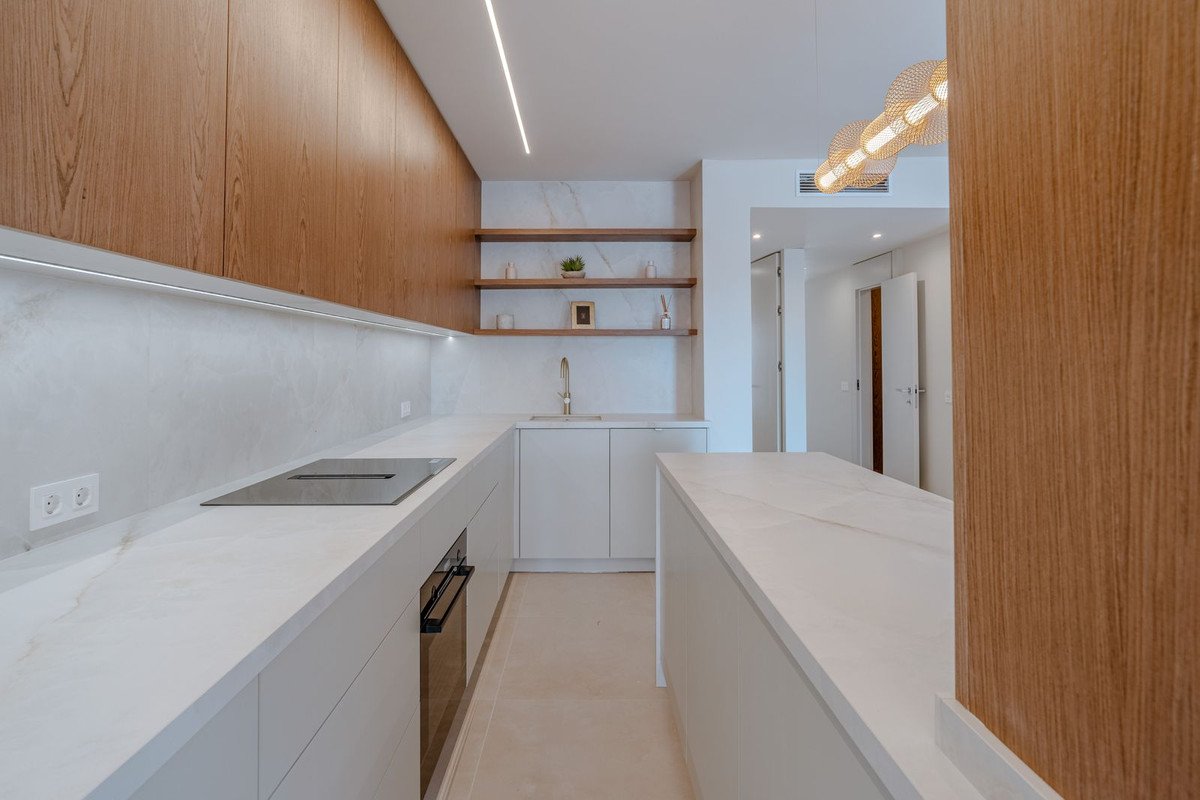 2 Bed Middle Floor Apartment in Nueva Andalucía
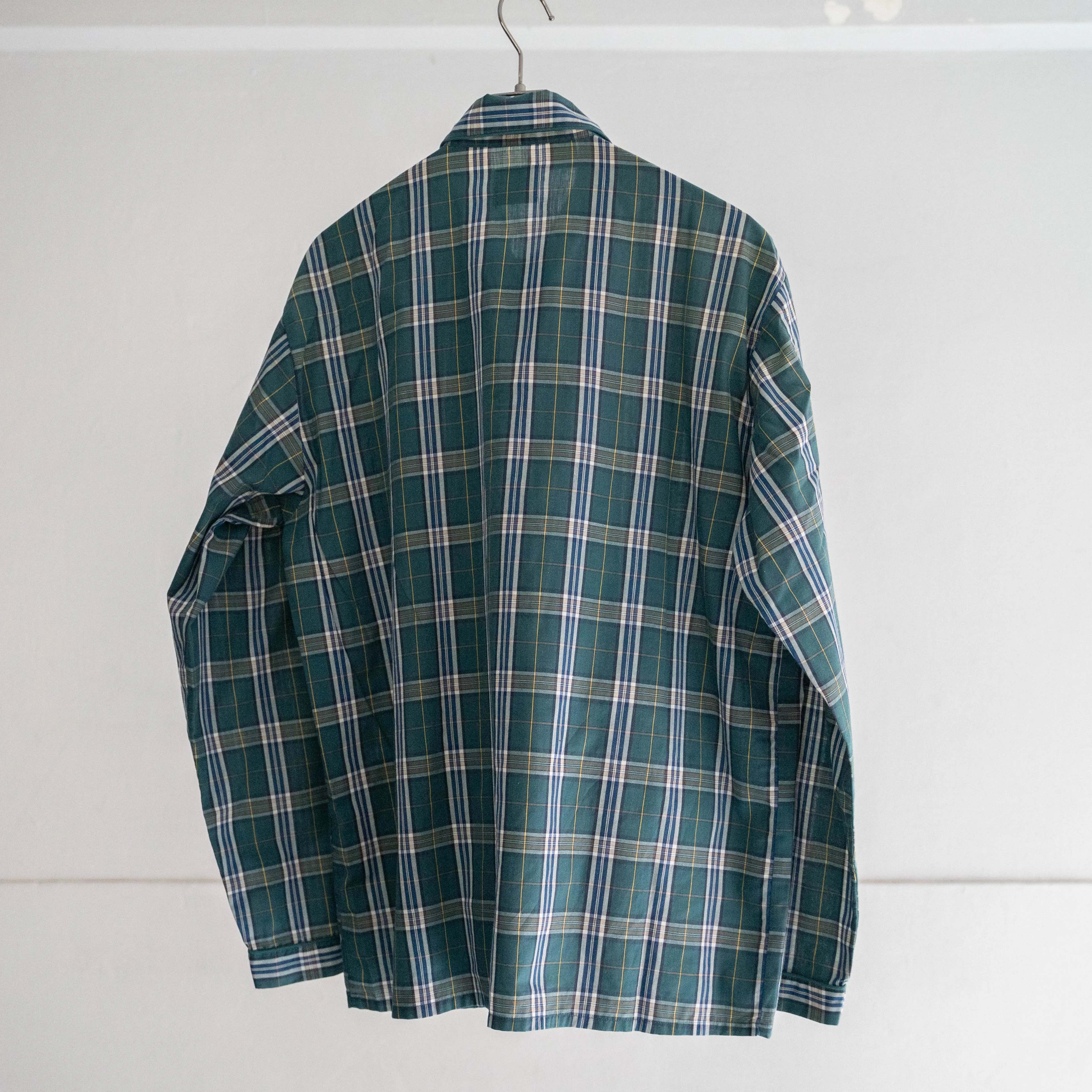 around 1980s France green base checked pajama shirt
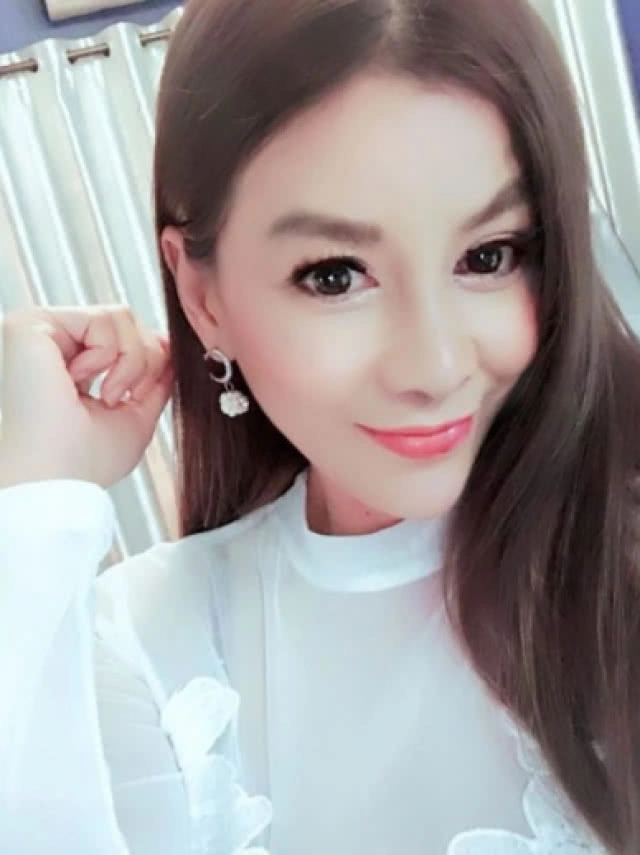 เปิดรูปจริง! ตอนองค์ยังไม่ประทับ ร่างทรงไฮเทค 4.0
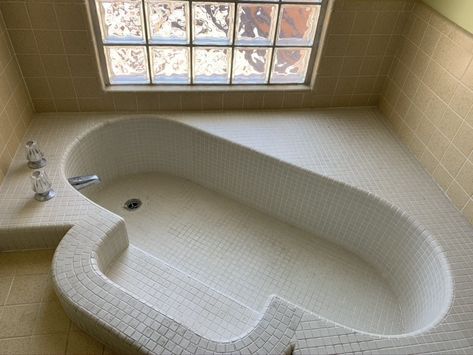 Step In Bathtub, Roman Bathroom, Roman Bathtub, Sunken Bathtub, Concrete Shower, Sunken Tub, Lakehouse Ideas, Diy Bathtub, Vista House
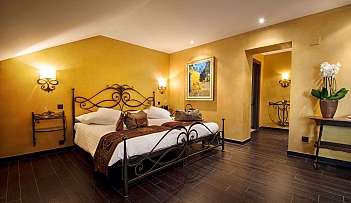 Camera accogliente e artistica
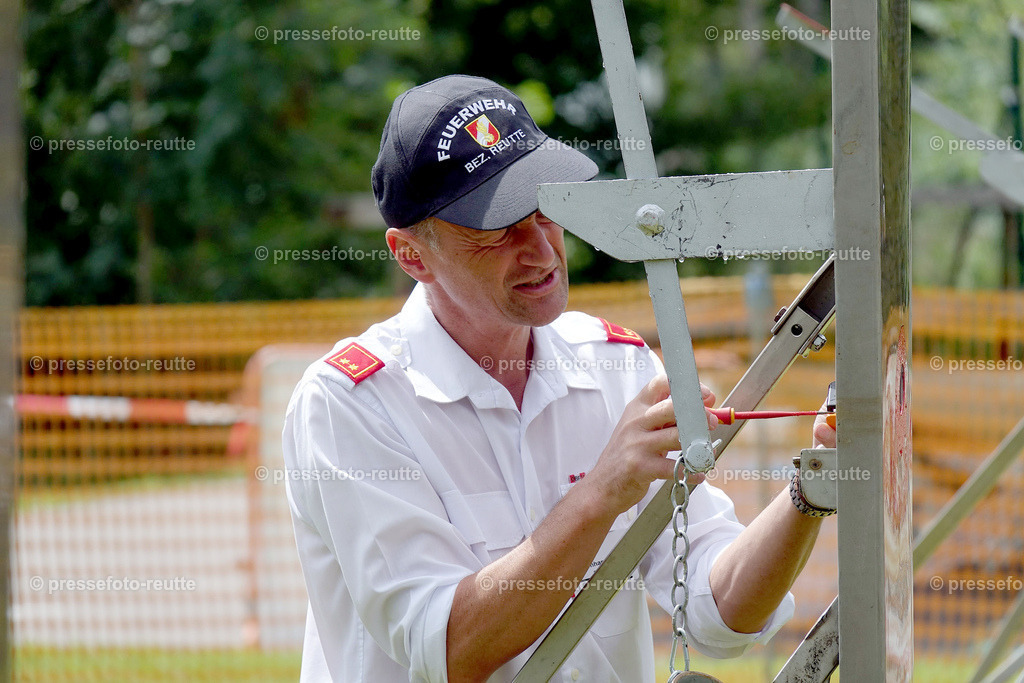 news-2022-Juli09-FF-Nassleistungsbewerb-Hoefen-Sony-DSD02770 | Info aus dem Bezirk Reutte/Ausserfern Tirol sowie eine umfangreiche Bilddatenbank über die gesamte Region: Lechtal, Talkessel Reutte, Tannheimertal, Zwischentoren. Lech, Plansee, Zugspitze, Grenztunnel, B179, Fernpassstraße, Verkehr, Lawinen, Tradition, - Realisiert mit Pictrs.com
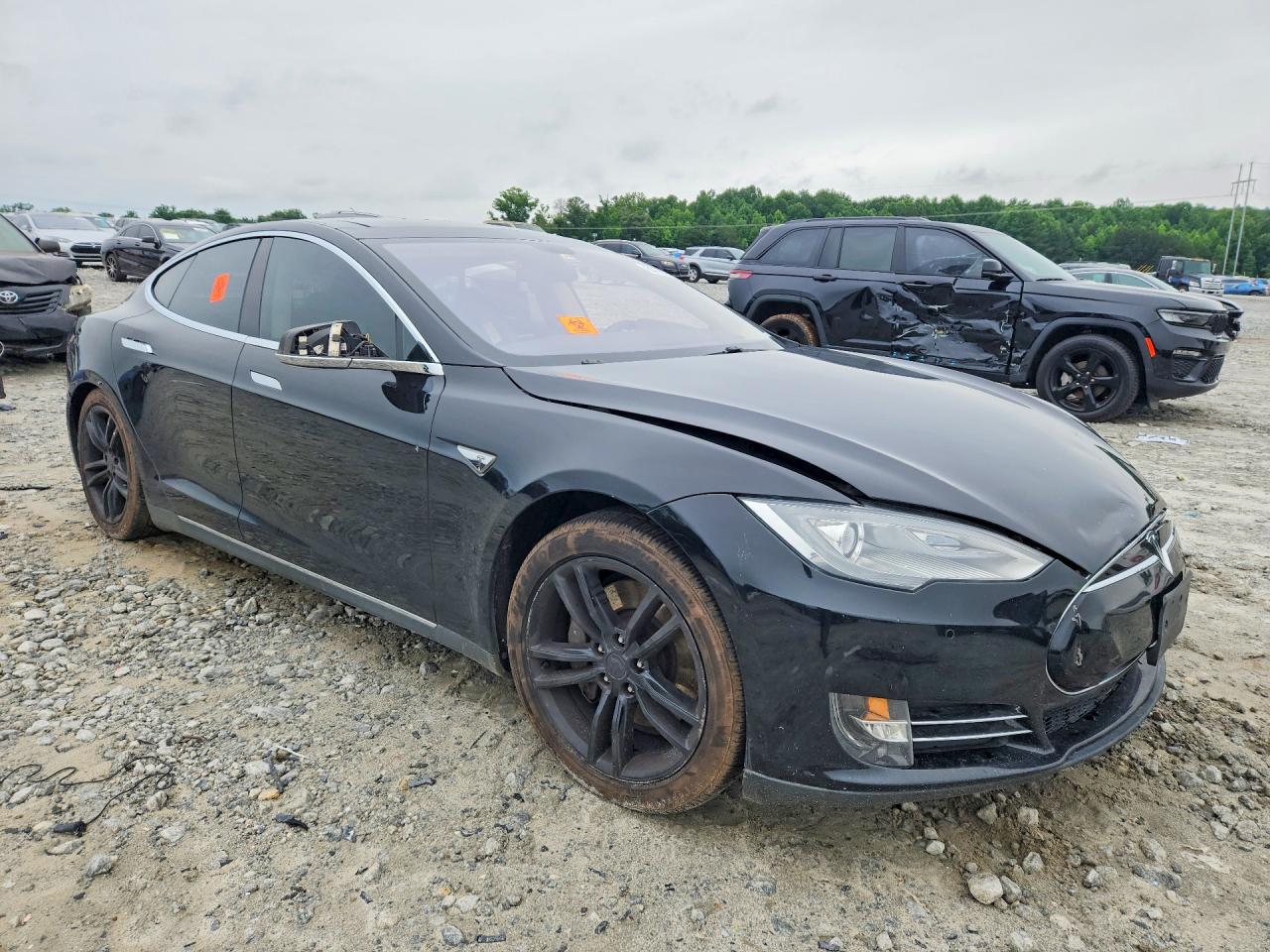 2013 Tesla Model S Black vin: 5YJSA1CN3DFP26350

## EXERCISE BRIEF:
Because the copy must hold no pictures, return only the lines that run from the line containing "Step In Bathtub, Roman" to the end of the data above, each exactly as it stands.

## RESULT:
 Step In Bathtub, Roman Bathroom, Roman Bathtub, Sunken Bathtub, Concrete Shower, Sunken Tub, Lakehouse Ideas, Diy Bathtub, Vista House
 Camera accogliente e artistica
 news-2022-Juli09-FF-Nassleistungsbewerb-Hoefen-Sony-DSD02770 | Info aus dem Bezirk Reutte/Ausserfern Tirol sowie eine umfangreiche Bilddatenbank über die gesamte Region: Lechtal, Talkessel Reutte, Tannheimertal, Zwischentoren. Lech, Plansee, Zugspitze, Grenztunnel, B179, Fernpassstraße, Verkehr, Lawinen, Tradition, - Realisiert mit Pictrs.com
 2013 Tesla Model S Black vin: 5YJSA1CN3DFP26350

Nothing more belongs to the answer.